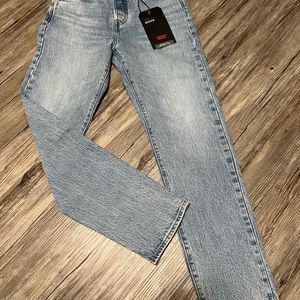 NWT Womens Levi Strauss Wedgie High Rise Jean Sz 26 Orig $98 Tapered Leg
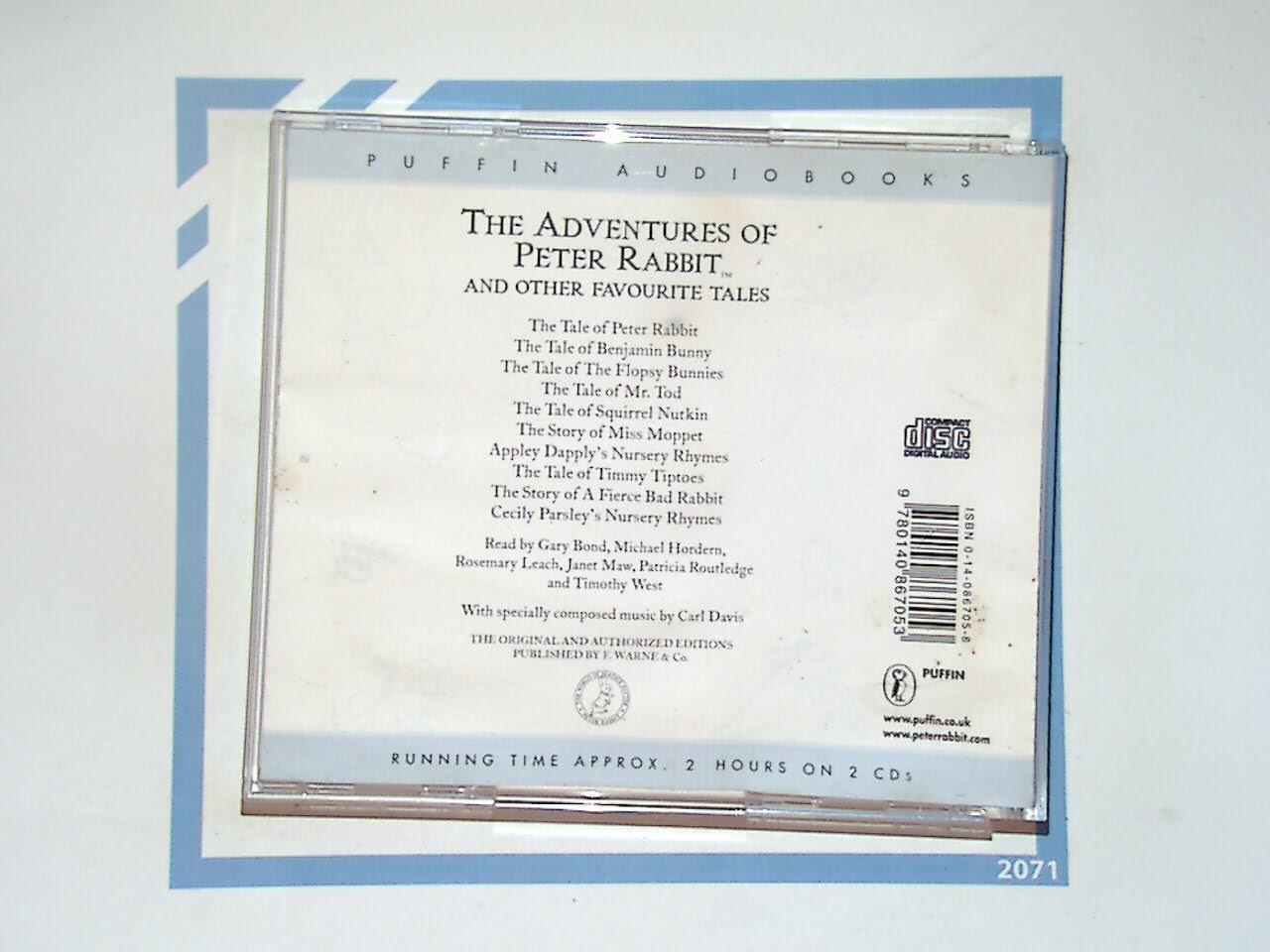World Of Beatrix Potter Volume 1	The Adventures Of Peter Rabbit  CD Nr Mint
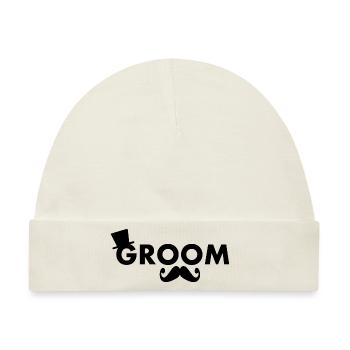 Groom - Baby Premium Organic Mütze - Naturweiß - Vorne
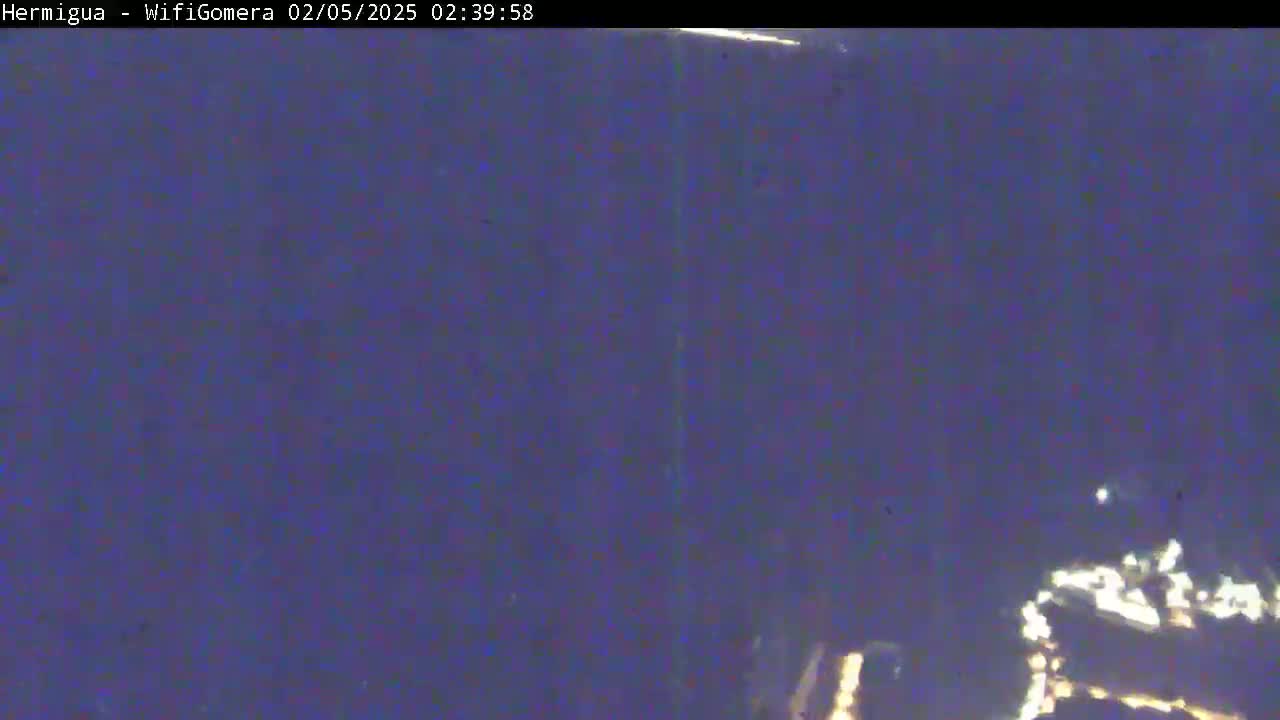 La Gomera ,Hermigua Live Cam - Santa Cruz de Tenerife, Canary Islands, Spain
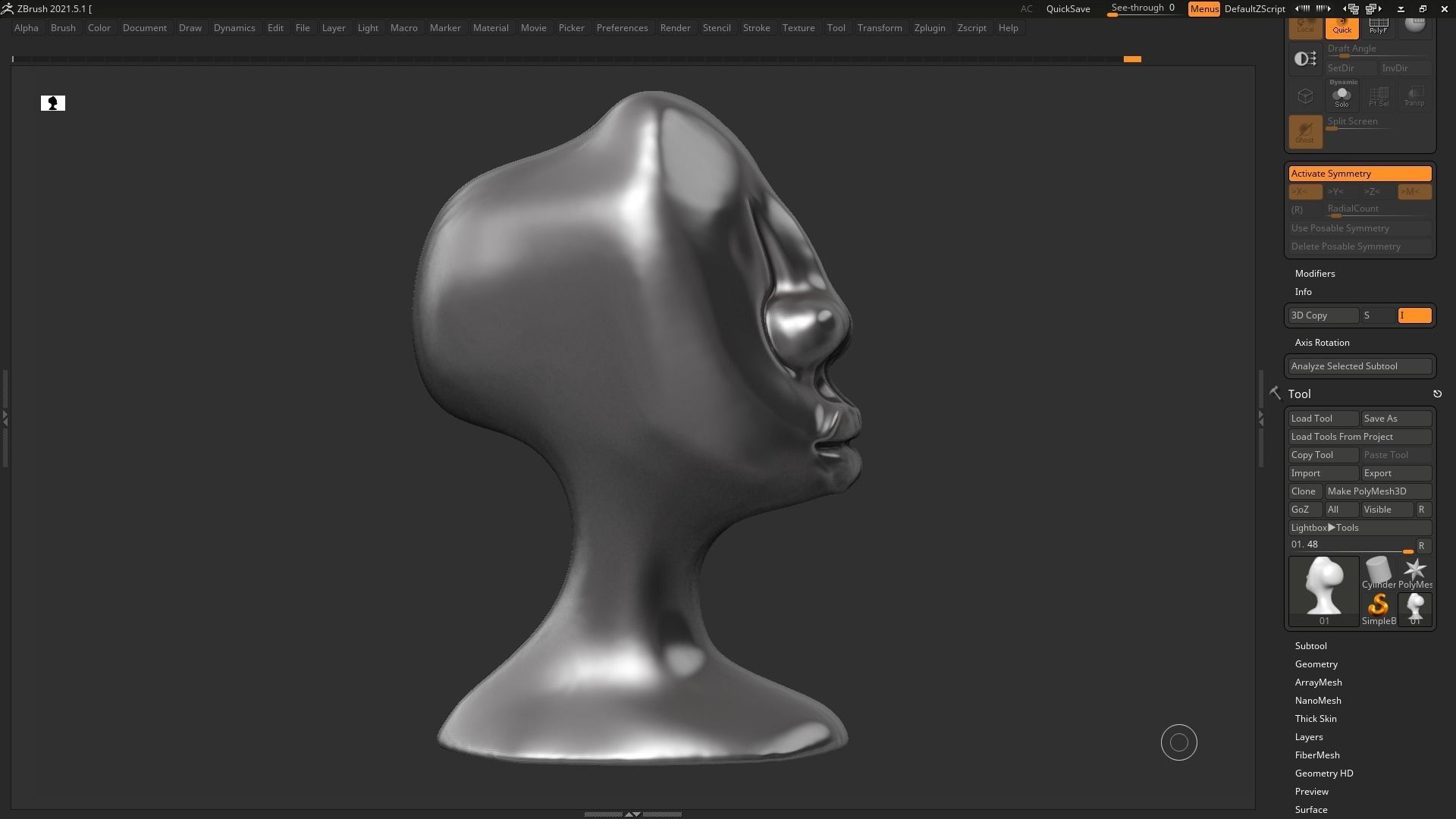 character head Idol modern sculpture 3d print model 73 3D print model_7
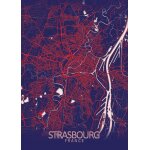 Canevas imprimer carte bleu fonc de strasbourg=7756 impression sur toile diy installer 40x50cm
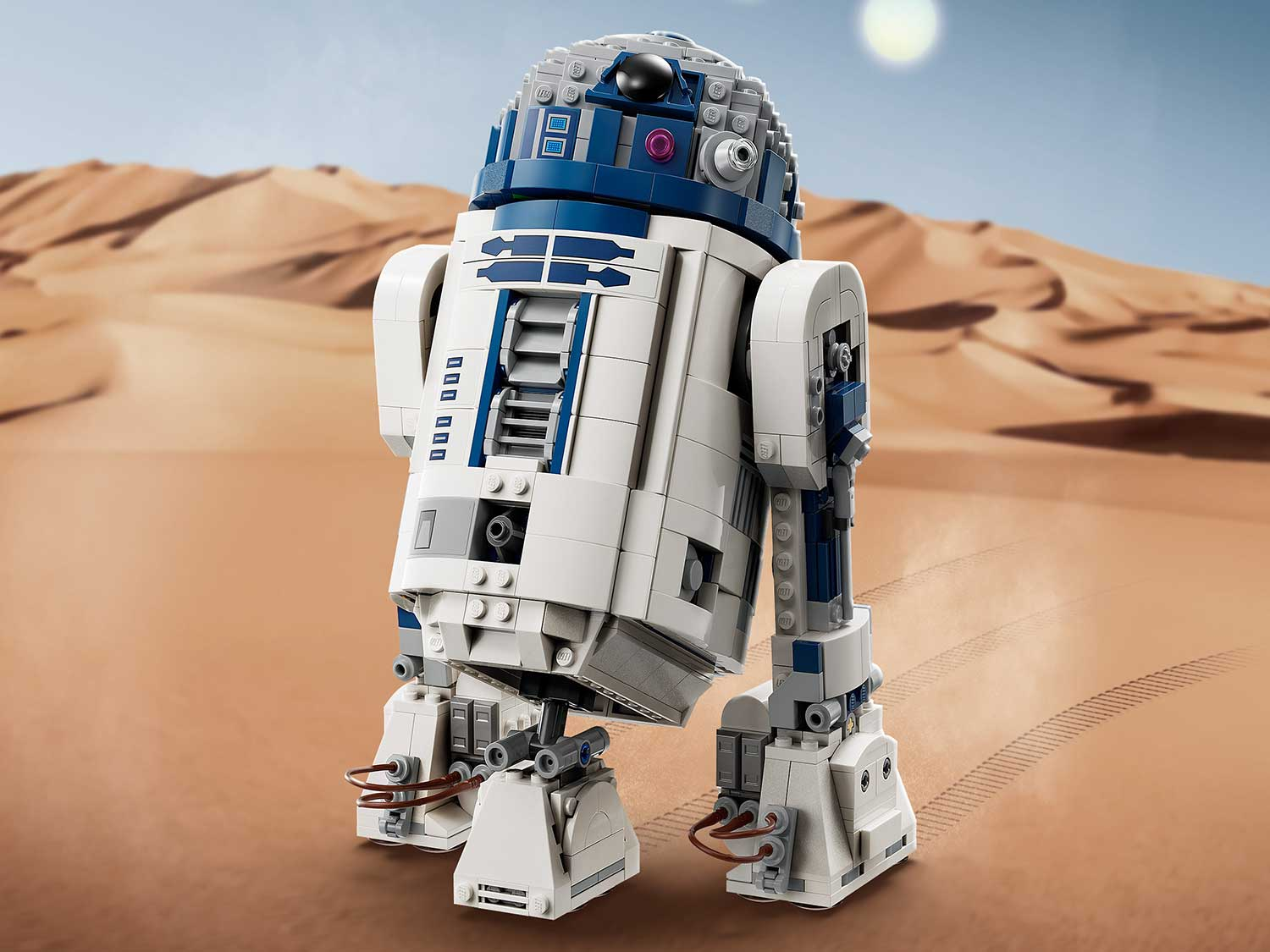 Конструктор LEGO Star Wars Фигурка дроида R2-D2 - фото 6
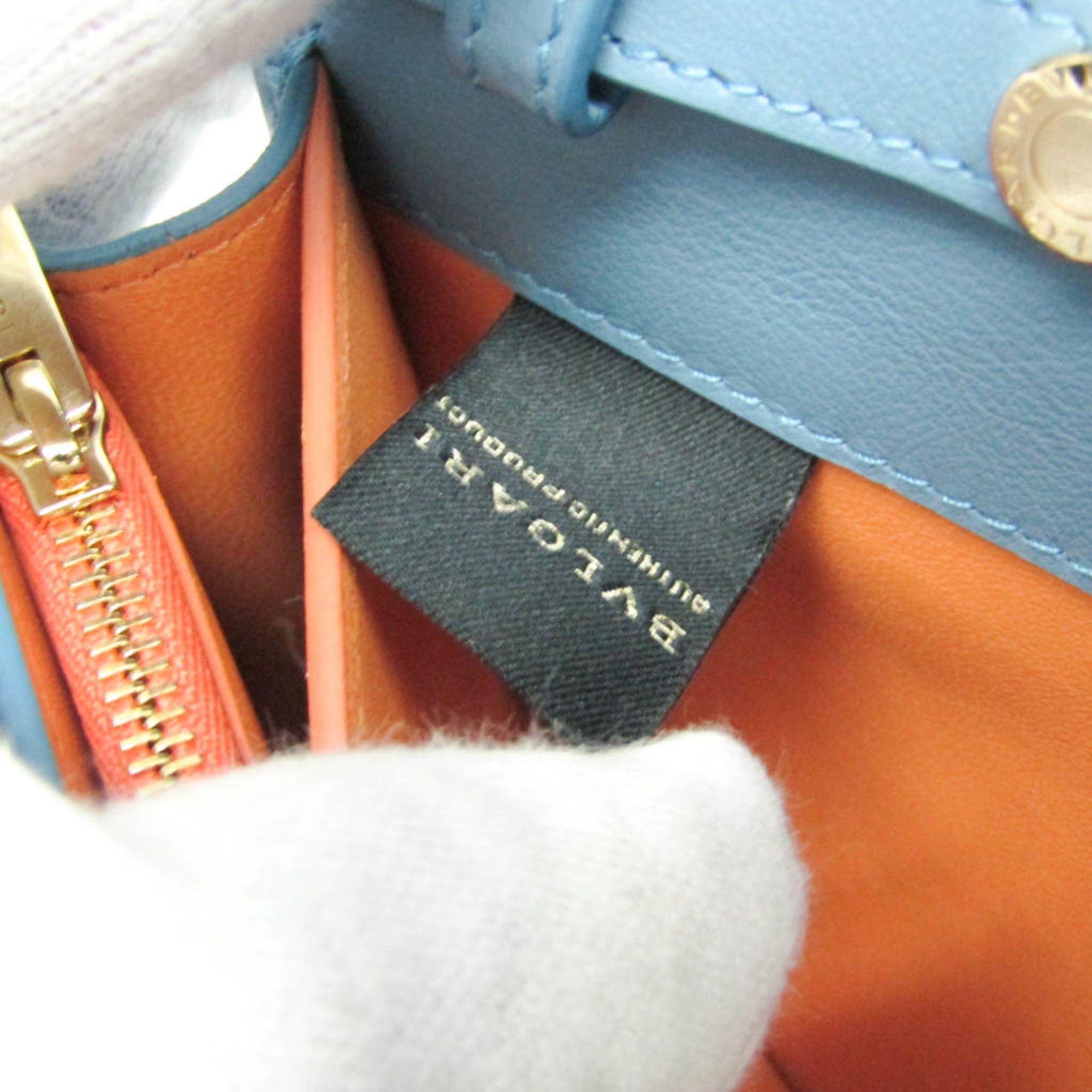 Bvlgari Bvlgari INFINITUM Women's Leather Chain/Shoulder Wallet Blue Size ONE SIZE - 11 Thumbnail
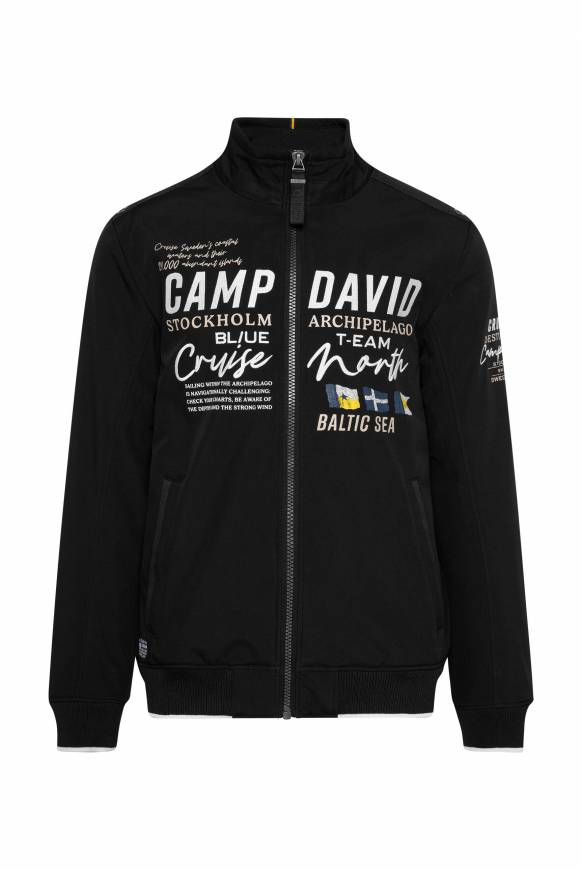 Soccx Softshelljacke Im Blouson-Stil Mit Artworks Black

###

Work task: Each line from the one containing "character head Idol" through the last line of the listing must be copied exactly, and the pictures must not be.

Task answer:
 character head Idol modern sculpture 3d print model 73 3D print model_7
 Canevas imprimer carte bleu fonc de strasbourg=7756 impression sur toile diy installer 40x50cm
 Конструктор LEGO Star Wars Фигурка дроида R2-D2 - фото 6
 Bvlgari Bvlgari INFINITUM Women's Leather Chain/Shoulder Wallet Blue Size ONE SIZE - 11 Thumbnail
 Soccx Softshelljacke Im Blouson-Stil Mit Artworks Black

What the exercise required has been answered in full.